WHAT YOU SHOULD DO –
Count the lines below in which "hunting" appears, then give that number by itself.

-- Opening Marker --

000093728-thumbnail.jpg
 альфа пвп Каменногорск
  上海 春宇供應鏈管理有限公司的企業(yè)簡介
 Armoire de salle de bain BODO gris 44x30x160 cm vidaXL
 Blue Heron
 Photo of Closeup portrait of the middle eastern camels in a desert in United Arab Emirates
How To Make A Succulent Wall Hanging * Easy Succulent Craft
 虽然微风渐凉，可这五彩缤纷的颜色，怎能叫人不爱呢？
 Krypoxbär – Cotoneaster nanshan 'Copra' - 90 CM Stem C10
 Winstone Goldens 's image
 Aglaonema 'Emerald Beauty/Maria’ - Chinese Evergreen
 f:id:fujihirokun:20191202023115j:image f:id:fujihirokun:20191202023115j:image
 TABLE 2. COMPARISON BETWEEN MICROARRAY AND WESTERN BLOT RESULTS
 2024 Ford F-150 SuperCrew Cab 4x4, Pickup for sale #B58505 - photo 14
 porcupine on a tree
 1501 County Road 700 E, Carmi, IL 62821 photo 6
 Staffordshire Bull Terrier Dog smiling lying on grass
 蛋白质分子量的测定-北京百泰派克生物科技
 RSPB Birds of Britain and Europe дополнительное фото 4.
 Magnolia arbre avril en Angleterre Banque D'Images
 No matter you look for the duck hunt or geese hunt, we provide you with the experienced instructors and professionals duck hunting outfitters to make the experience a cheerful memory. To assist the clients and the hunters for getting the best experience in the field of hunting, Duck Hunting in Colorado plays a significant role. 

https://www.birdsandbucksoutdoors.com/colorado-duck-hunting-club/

-- Closing Marker --

ANSWER BELOW –
2